Privileges — that is, immunities and safeguards — are necessary for the protection of the house of commons in the exercise of its high functions. All the subjects of this realm have derived, are deriving, and I trust and believe will continue to derive, the greatest benefits from the exercise of those functions. All persons ought to be very tender in preserving to the house all privileges which may be necessary for their exercise, and to place the most implicit confidence in their representatives as to the due exercise of those privileges. But power, and especially the power of invading the rights of others, is a very different thing. It is to be regarded, not with tenderness, but with jealousy; and, unless the legality of it be most clearly established, those who act under it must be answerable for the consequences. The onus of showing the existence and legality of the power now claimed lies upon the defendants. It appears to me, after a full and anxious consideration of the reasons and authorities adduced by the attorney general in his learned argument, and after much reflection upon the subject, that they have entirely failed to do so. And I am therefore of opinion that the plaintiff is entitled to our judgment in his favour.

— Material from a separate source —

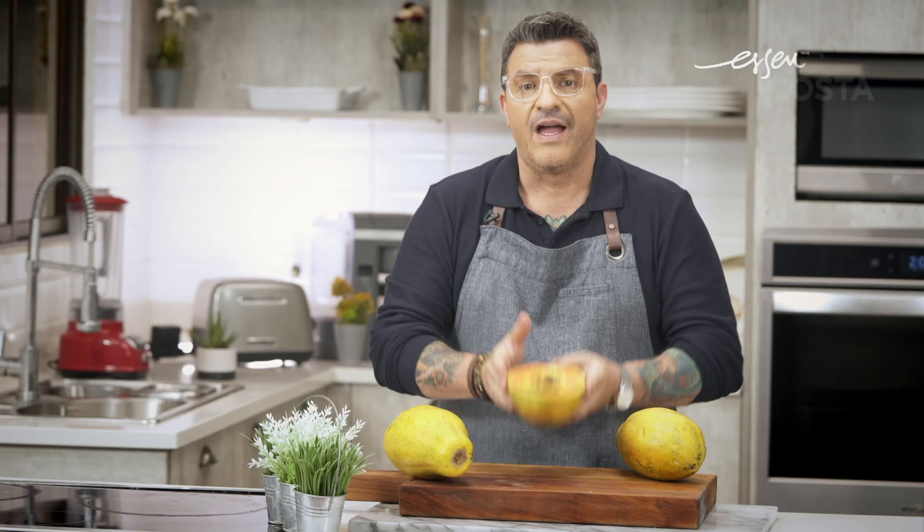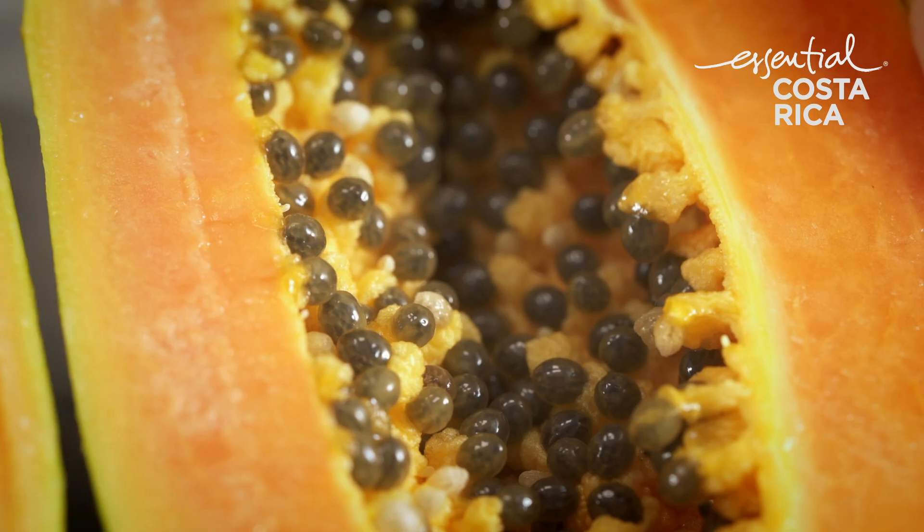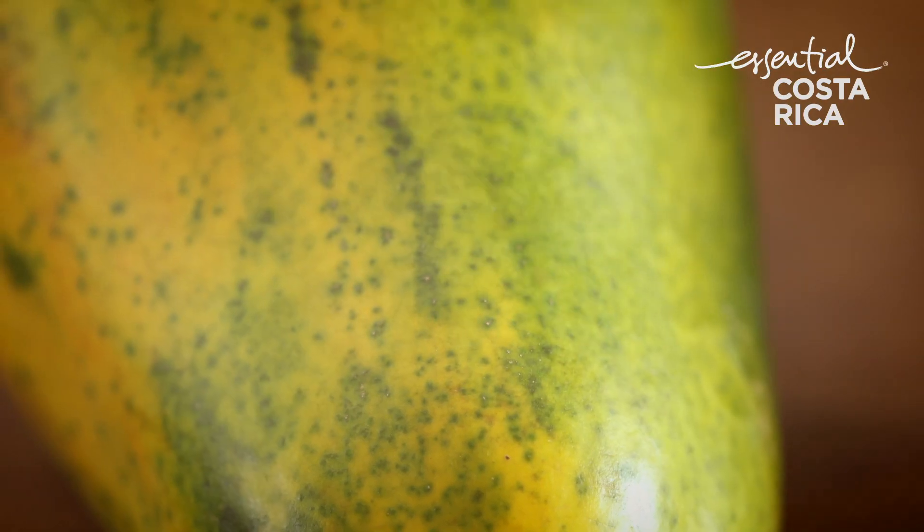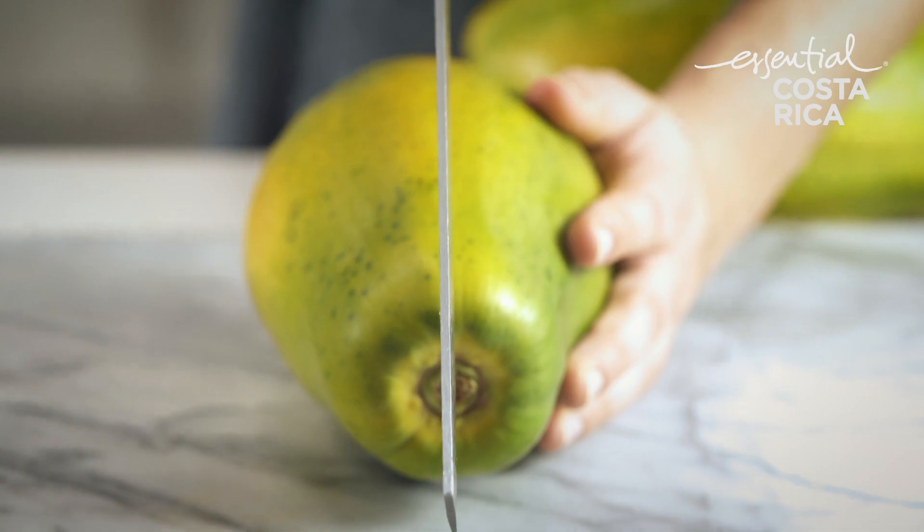Hello, I'm Che Rafael from Costa Rica. I want to invite you to try our Costa Rican papaya. When you go to the store and you see the papaya with those little green dots and those green and yellow stripes, that means the papaya is ready to eat.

Adolphus and Ellis, Reports, IX, 78-214.

(C) The Case of the Sheriff of Middlesex (1840)[5]

The only question upon the present return is whether the commitment is sustained by a legal warrant. Three objections have been taken to the warrant in point of form merely.... The verbal criticisms therefore fall to the ground. The great objection remains behind, that the facts which constitute the alleged contempt are not shown by the warrant....

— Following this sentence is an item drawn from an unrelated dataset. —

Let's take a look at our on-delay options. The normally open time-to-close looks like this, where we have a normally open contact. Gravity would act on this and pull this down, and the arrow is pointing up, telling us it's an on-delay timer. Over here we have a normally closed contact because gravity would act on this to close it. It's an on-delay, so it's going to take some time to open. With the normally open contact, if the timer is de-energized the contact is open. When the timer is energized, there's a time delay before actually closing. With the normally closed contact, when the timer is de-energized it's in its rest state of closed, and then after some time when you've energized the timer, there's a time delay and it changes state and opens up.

It is unnecessary to discuss the question whether each house of parliament be or be not a court; it is clear that they cannot exercise their proper functions without the power of protecting themselves against interference.... And we must presume that what any court, much more what either house of parliament, acting on great legal authority, takes upon it to pronounce a contempt is so.... On the motion for a habeas corpus there must be an affidavit from the party applying; but the return, if it discloses a sufficient answer, puts an end to the case. And I think the production of a good warrant is a sufficient answer. Seeing that, we cannot go into the question of contempt on affidavit nor discuss the motives which may be alleged. Indeed, as the courts have said in some of the cases, it would be unseemly to suspect that a body, acting under such sanctions as a house of parliament, would in making its warrant suppress facts which, if discussed, might entitle the person committed to his liberty. If they ever did act so, I am persuaded that, on further consideration, they would repudiate such a course of proceeding....

In the present case I am obliged to say that I find no authority under which we are entitled to discharge these gentlemen[6] from their imprisonment.

Ibid., XI, 287-92.

(D) Wason v. Walter (1868)[7]

The main question for our decision is whether a faithful report in a public newspaper of a debate in either house of parliament, containing matter disparaging to the character of an individual, as having been spoken in the course of the debate, is actionable at the suit of the party whose character has thus been called in question. We are of opinion that it is not.

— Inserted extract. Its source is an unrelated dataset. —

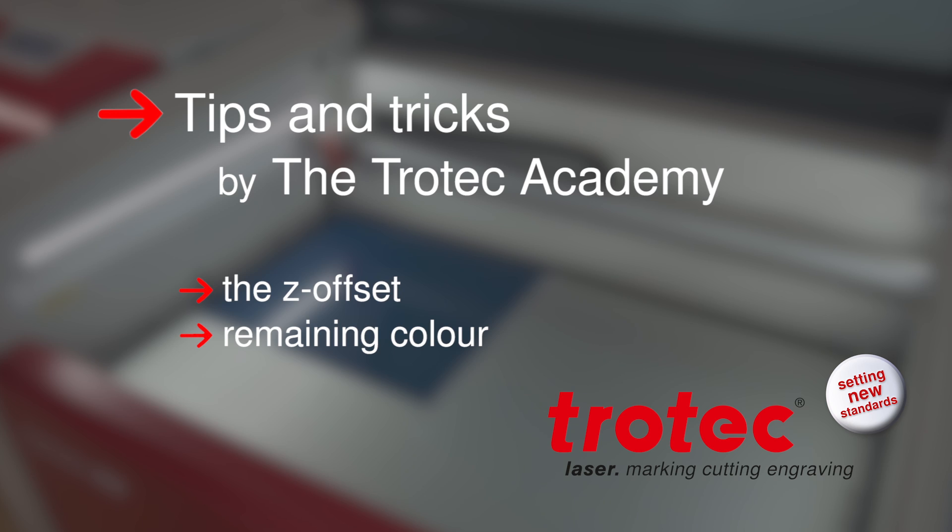Thank you for watching this video from the Trotec Academy. We wish you all the best for your personal laser applications using TroLase materials and are looking forward to welcoming you to our other video tutorials.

Important as the question is, it comes now for the first time before a court of law for decision. Numerous as are the instances in which the conduct and character of individuals have been called in question in parliament during the many years that parliamentary debates have been reported in the public journals, this is the first instance in which an action of libel founded on a report of a parliamentary debate has come before a court of law. There is, therefore, a total absence of direct authority to guide us.... Decided cases thus leaving us without authority on which to proceed in the present instance, we must have recourse to principle in order to arrive at a solution of the question before us, and fortunately we have not far to seek before we find principles in our opinion applicable to the case, and which will afford a safe and sure foundation for our judgment.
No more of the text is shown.